28 Şubat 2017 Salı

Benlik

   Gittikçe sadeleşip daha da beyazlamaya başlamıştım. Şeffaf olmaya ramak kalmıştı. Ama kara bulutlar ve aynalar arasında yok olmak bir o kadar imkansızdı. Bende, hepsine hak verdim.

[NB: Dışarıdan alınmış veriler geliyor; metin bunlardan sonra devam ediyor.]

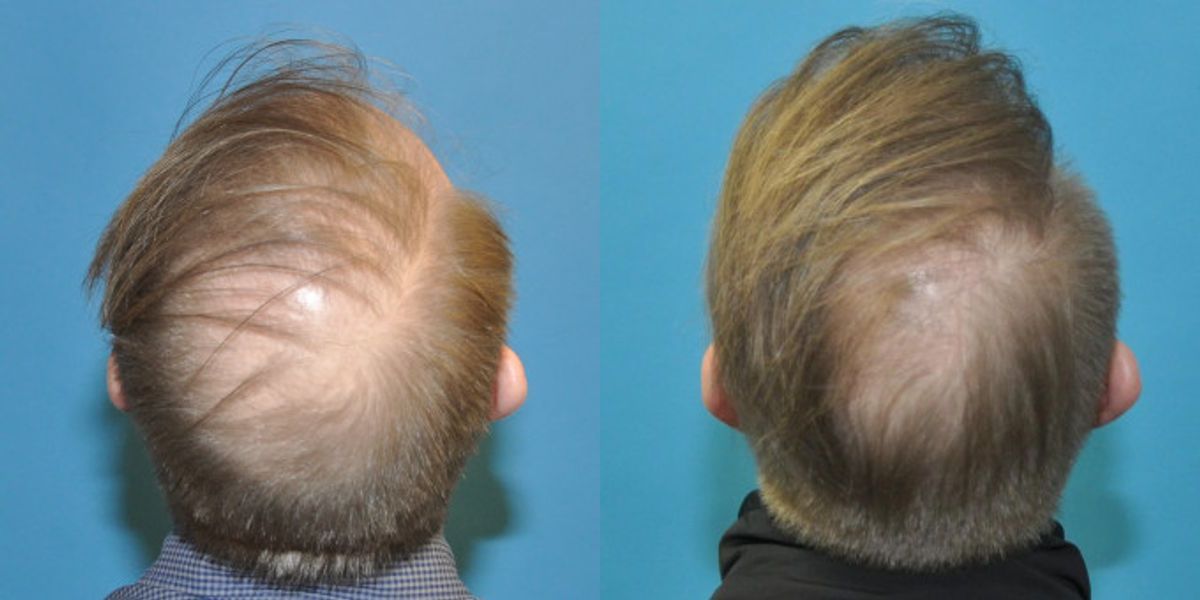 FUE NeoGraft Hair Transplant #10 - Before and After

  Yaptığım şey:  Soğuktan üşürken hızlıca eve girmek isteyen biri gibi hızlı adımlarla yürümekti. Yaşamak, elbette yapılan eleştirilere hak veriyorum demek değildi ama yaptığım kesinlikle buydu. Son zamanlarda yaptığım, hak veriyorum deyip, hızlıca eve koşturmaktı. Hak veriyorum deyip unutmak ya da önemsememekte diyebiliriz. Bu aynı zamanda yalnızlığa açılan kapının tek kilidiydi.

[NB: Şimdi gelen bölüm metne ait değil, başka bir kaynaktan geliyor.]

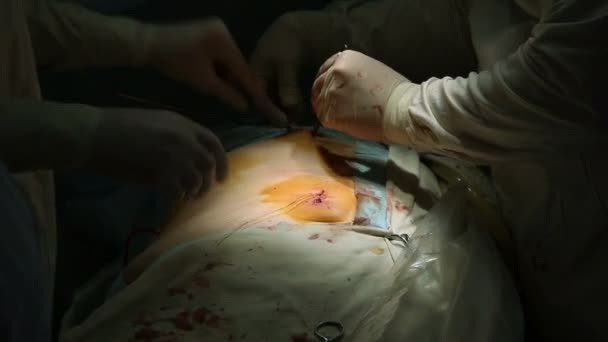 Хирург зашивает рану после операции — стоковое видео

 Yerine oturtulmayan eleştiri ve ya o anda önemsenmeyip hemen unutulmaya yüz tutan eleştiri seni yalnızlığa itiyordu. Biriken ve büyüyen eleştiriler siyah eldivenli bir el olup, üstüne geliyordu ve seni uçurumdan aşağı itiyordu. Sen yere çakılırken, siyah eldivenli elimiz yukarıdan hala seni işaret ediyordu.

 Kendine yapabileceğin en büyük eleştiri yalnızlıkla yüz yüze kalmaktı. O zaman olmaya başlıyor ve aslında silik olan kişiliğini renklendirmeye başlıyordun. Ufak guruplar içinde ki kanıtlanmış benliğini sürekli yenilemeye ihtiyacın kalmıyor ve hak veriyordun kendine. Zaten kaybedecek bir şeyin kalmamıştı. Kazanıp kazanmamakta senin elindeydi. Gittikçe çarpıklaşan ve değişen bir hayatın her yeri doğru olsa elinde toplamda kaç doğru olurdu? Senin için çok doğru kaç doğru ederdi?

 Unuttuğum eleştiriler aklıma geliyor ve o eleştirilerin içindeki gerçekleri hatırlıyorum.